What the task asks: The entries below are to be transcribed in full, without their images.

━━━ The records

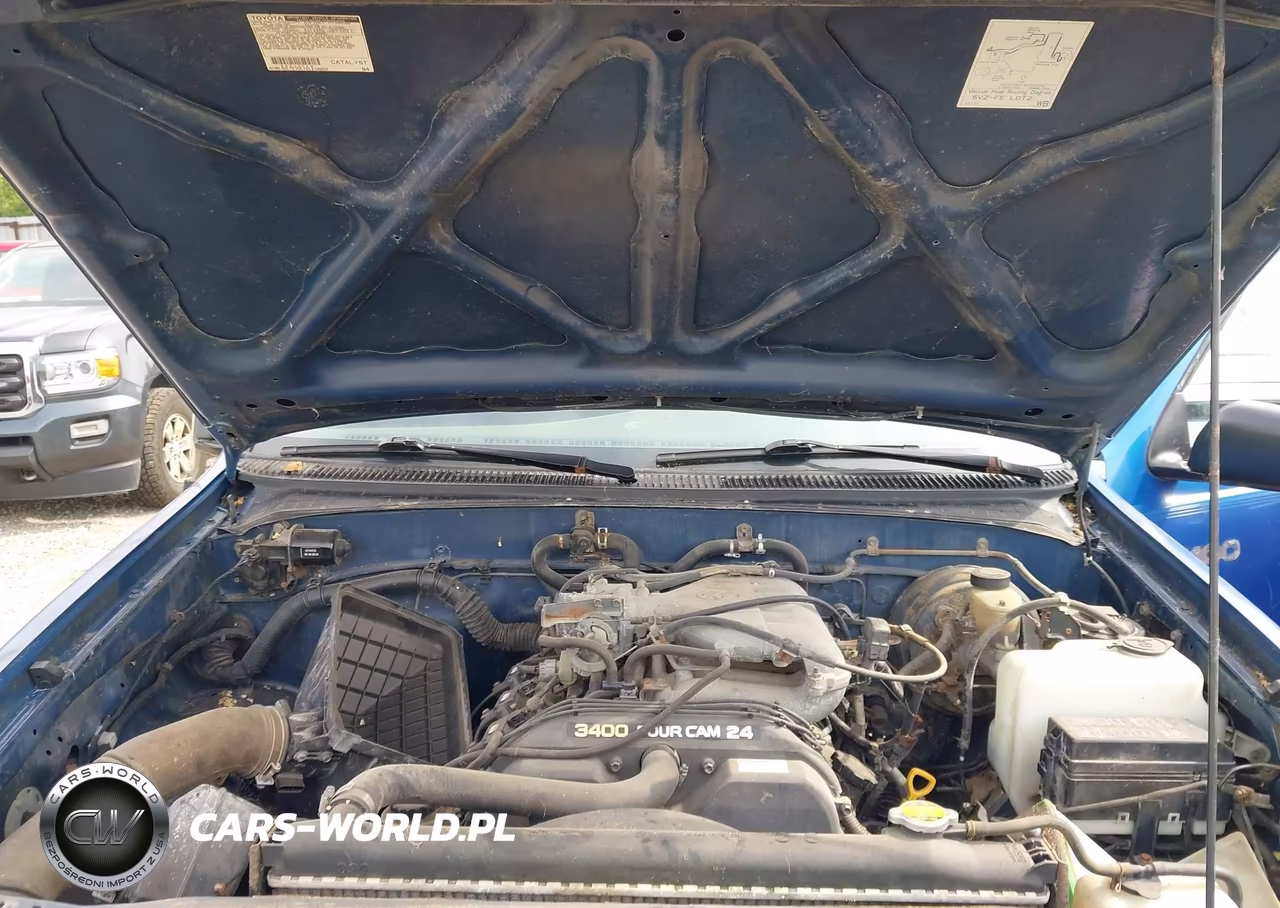 1996 Toyota T100 Xtracab VIN:JT4TN12D4T0025119 - 10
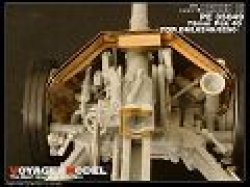 画像2: VoyagerModel [PE35049]WWII独 PaK40対戦車砲 エッチングセット(DML6249/6250用)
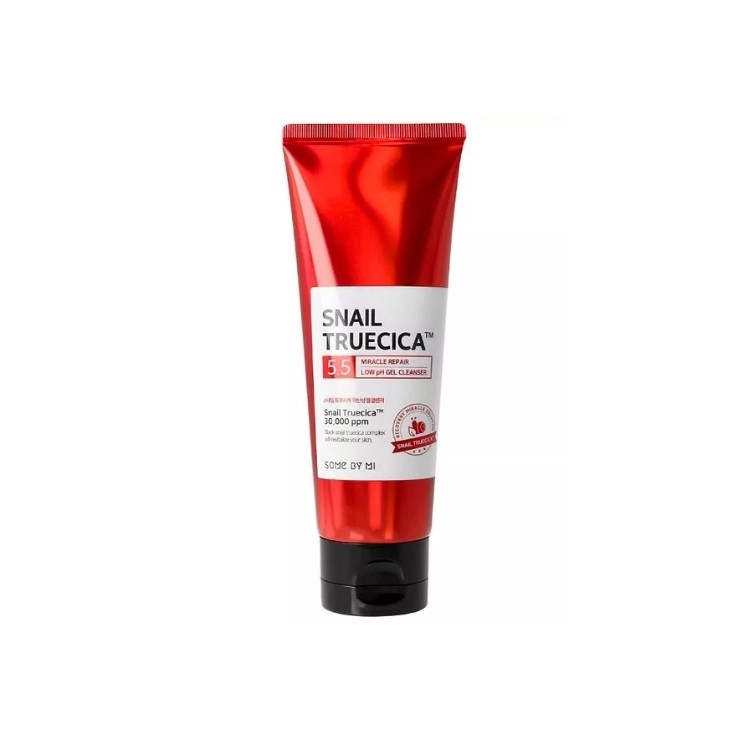Some By Mi Snail Truecica Gel Nettoyant Doux à Faible pH 100 ml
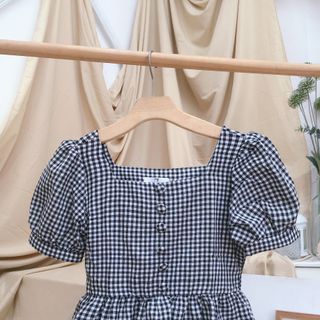 Áo kiểu nữ tiểu thư cực xinh- Hàng Thiết Kế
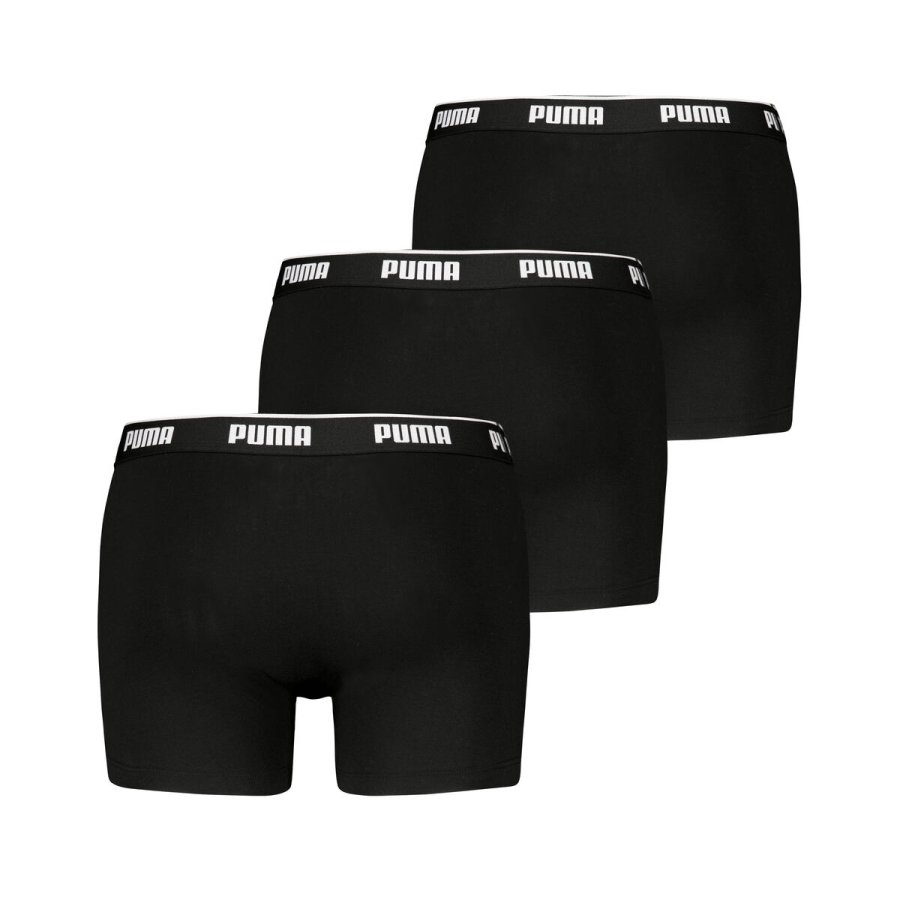 Boxershorts til m�nd Puma 701234187 001 Sort 3 enheder #2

━━━━━━

Answer to this task:
 1996 Toyota T100 Xtracab VIN:JT4TN12D4T0025119 - 10
 画像2: VoyagerModel [PE35049]WWII独 PaK40対戦車砲 エッチングセット(DML6249/6250用)
Some By Mi Snail Truecica Gel Nettoyant Doux à Faible pH 100 ml
 Áo kiểu nữ tiểu thư cực xinh- Hàng Thiết Kế
 Boxershorts til m�nd Puma 701234187 001 Sort 3 enheder #2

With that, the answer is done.